Reference parameters
A reference parameter is a reference to a memory location of a variable. When you pass parametersby reference, unlike value parameters, a new storage location is not created for these parameters. The reference parameters represent the same memory location as the actual parameters that are supplied to the method.
In C#, you declare the reference parameters using the ref keyword. The following example demonstrates this:
using System;
namespace CalculatorApplication
{
class NumberManipulator
{
public void swap(ref int x, ref int y)
{
int temp;
temp = x; /* save the value of x */
x = y; /* put y into x */
y = temp; /* put temp into y */
}
static void Main(string[] args)
{
NumberManipulator n = new NumberManipulator();
/* local variable definition */
int a = 100;
int b = 200;
Console.WriteLine("Before swap, value of a : {0}", a);
Console.WriteLine("Before swap, value of b : {0}", b);
/* calling a function to swap the values */
n.swap(ref a, ref b);
Console.WriteLine("After swap, value of a : {0}", a);
Console.WriteLine("After swap, value of b : {0}", b);
Console.ReadLine();
}
}
}
When the above code is compiled and executed, it produces the following result:
Before swap, value of a : 100
Before swap, value of b : 200
After swap, value of a : 200
After swap, value of b : 100
It shows that the values have been changed inside the swap function and this change reflects in theMain function.
Output parameters
A return statement can be used for returning only one value from a function. However, using output parameters, you can return two values from a function. Output parameters are like reference parameters, except that they transfer data out of the method rather than into it.

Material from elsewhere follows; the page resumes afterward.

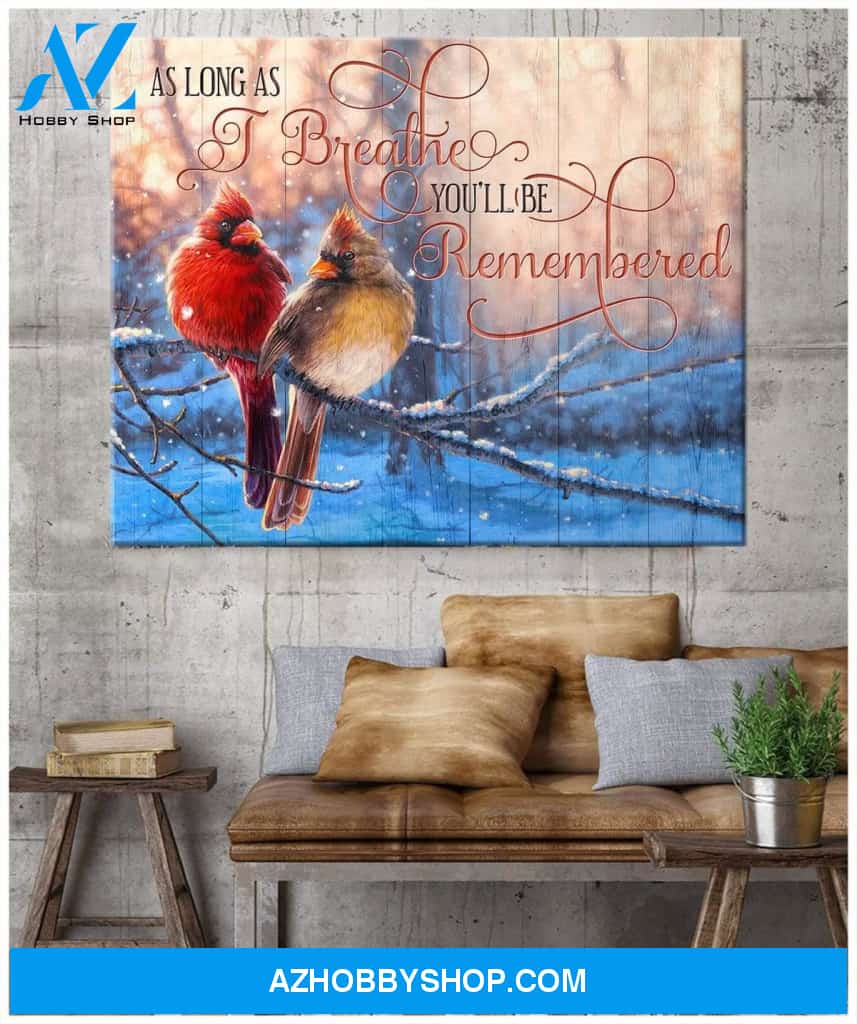 As Long As Cardinal Wall Art Canvas, Wall Decor Visual Art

The following example illustrates this:
using System;
namespace CalculatorApplication
{
class NumberManipulator
{
public void getValue(out int x )
{
int temp = 5;
x = temp;
}
static void Main(string[] args)
{
NumberManipulator n = new NumberManipulator();
/* local variable definition */
int a = 100;
Console.WriteLine("Before method call, value of a : {0}", a);
/* calling a function to get the value */
n.getValue(out a);
Console.WriteLine("After method call, value of a : {0}", a);
Console.ReadLine();
}
}
}
When the above code is compiled and executed, it produces the following result:
Before method call, value of a : 100
After method call, value of a : 5
The variable supplied for the output parameter need not be assigned a value the method call. Output parameters are particularly useful when you need to return values from a method through the parameters without assigning an initial value to the parameter. Look at the following example, to understand this:
using System;
namespace CalculatorApplication
{
class NumberManipulator
{
public void getValues(out int x, out int y )
{
Console.WriteLine("Enter the first value: ");
x = Convert.ToInt32(Console.ReadLine());
Console.WriteLine("Enter the second value: ");
y = Convert.ToInt32(Console.ReadLine());
}
static void Main(string[] args)
{
NumberManipulator n = new NumberManipulator();
/* local variable definition */
int a , b;
/* calling a function to get the values */
n.getValues(out a, out b);
Console.WriteLine("After method call, value of a : {0}", a);
Console.WriteLine("After method call, value of b : {0}", b);
Console.ReadLine();
}
}
}
When the above code is compiled and executed, it produces the following result (depending upon the user input):
Enter the first value:
7
Enter the second value:
8
After method call, value of a : 7
After method call, value of b : 8
Parameter array
It use "param" keyword
using System;
class Programme
{
public static void ParamsMethod(params int[] Numbers)
{
Console.WriteLine("there are {0} element ":, numbers.length);
foreach ( int i in numbers)
Console.WriteLine(i);
}
}
} public static void Main()
{
Number[0] = 101
Number[1] = 102 Number[2] = 103
ParamsMethod(1,2,3,4,5);// param method or param method(number)
}
}
}
}
we can not use
"public static void ParamsMethod(params int[] Numbers, Int number) because param keyword should be last keyword.
we can not use
"public static void ParamsMethod(params int[] Numbers, Params number) because param keyword should be one.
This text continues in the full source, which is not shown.